We relate our story to you as told to by Sigmund Jucker, one of the original three brothers.
On May 8th, 1945, Sigmund arose early, so he could awaken everyone in the camp, which was one of his jobs. On this day, Liberation Day, he arose to find no SS officers watching or even in the camp. The SS fled in such a hurry they luckily had not even turned on the electrified fences. Sigmund found wire cutters and actually cut the wires on the gate giving him and the other prisoners freedom. Sigmund was the first to take a breath of freedom outside the gate. He fell and literally kissed the ground.
On Liberation Day he was fortunate to have survived with his two other brothers and their older sister. On May 8th, 1949, (note the date), Sigmund, his twin brother, Sol, and younger brother Max opened Three Brothers Bakery on Holman Street in Houston, Texas. Sigmund remembers the first day they sold $19 worth of product. That first day taught them a very valuable lesson. If you don’t have parking, your business will struggle. Hence they struggled.
Again, there were no mixers, so everything was handmade, as it was in Europe. To give you an idea of pricing on opening day, the coffee ring, which we still sell today, was $.55 and a 1.5 lb rye was $.50! Yes our prices have gone up, but not very much in 65 years (and we now have mixers).
In May of 1954 or 1955, they moved the Bakery to Almeda Street. Yes, they had great parking and brought in $90 or $96 on their first day. They had arrived!! The bakery kept growing, and they then moved in May of 1960 to South Braeswood. If you know Houston, Braeswood is a major street, but in 1960, the bakery was at the end of the road and rumored to have cows living just beyond the bakery. They had great parking, but no one knew they were there or that the road went that far. Well the three brothers hung in there and became a Houston institution. In 1968, they hired their first employee. So for thirteen years, it was just the three brothers.
In Poland, the people did not eat very sweet foods, so the brothers learned to make American cakes and pastries. Today many Three Brothers Bakery baked goods still use the original Eastern European formula, including rye bread, challah (egg bread), danish, cheese pockets, Kaiser rolls, biales (finding its origin in Bialystok, Poland), traditional bagels, onion boards, onion pockets and others. Our famous gingerbread recipe was modified in America in 1960, and we still use this same formula today.

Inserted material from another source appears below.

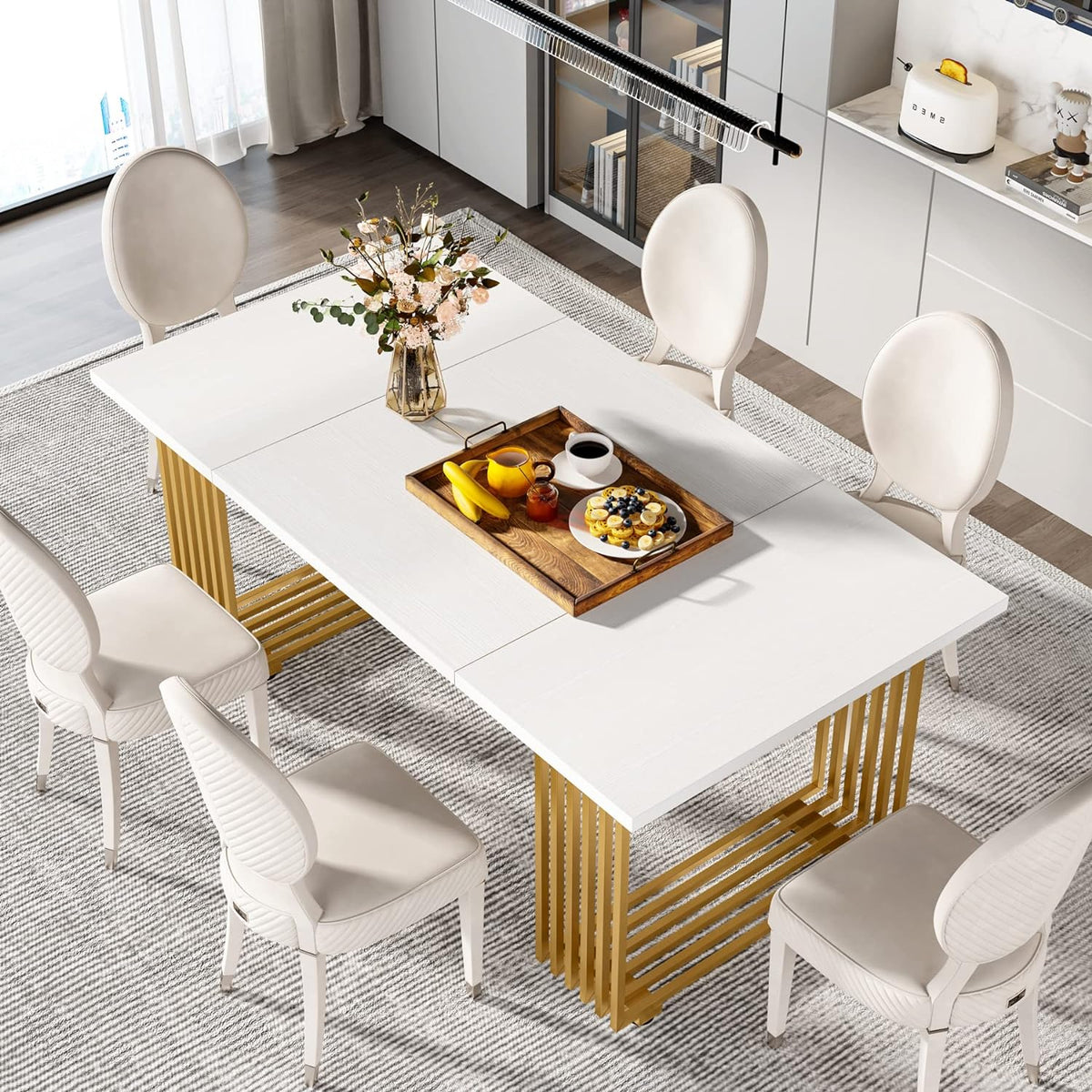 Tribesigns Modern Dining Table for 6-8 People, 70.8 Inches Long White Room Kitchen, Wood Kitchen with Gold Metal Legs, Rectangular Dinner Room, Family Gathering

We are now a full service award winning bakery in Houston making savory eastern European style breads and pastries, cookies, cupcakes, edible logoed cookies and cakes and a full line of specialty dessert cakes, as well as wedding cakes, birthday cakes, special occasion cakes and extreme cakes.
We have operated continuously except for a three day closure after flooding during Tropical Storm Allison and a nine month closure after Hurricane Ike rendered the building and production area inoperable. We are proud to say we paid our employees the entire time we were closed. The Bakery’s closing after Ike even managed to make a challah shortage in Houston during the Jewish holidays — something so important it was covered on the front page of The Houston Chronicle. Since our opening in 1949, only after these two weather events did we have to “restart our sour” which is used in our ryes and French breads.
Prior to Ike we had begun a reinvention of Three Brothers Bakery, but after Ike the reinvention took on a life of its own. With the advent of the Food Network™ cake became recognized as an art form. We can now be seen on Food Network’s Outrageous Food featuring our Pumpecapple Piecake and the Food Network Challenge – Extreme Pirate Cakes. Additionally our pecan pie has had several national accolades beginning with our pecan pie being named “The Best Mail Order Pecan Pie in America” by Country Living Magazine, Town & Country Magazine, Bon Appétit and Southern Weddings. People say we are a new bakery that is 65 years old. Recognition of these efforts has been seen through national and local awards, magazines and television shows which we have listed below.
Three Brothers Bakery continues to be owned and managed by members of the Jucker family. Sigmund’s son, Robert — a 5th generation baker, now runs the business along with his wife, Janice and Aunt Estelle, Sol’s wife. So when you shop at Three Brothers Bakery, whether it is in one of our stores or in our online shop, we want you to feel a part of our family. Every time we bake and you savor something from our bakery, we give to you a part of our family. Through all of these edible delights, we believe we are making lifelong memories, which is why we say at Three Brothers Bakery we are actually “memory makers who happen to be bakers.”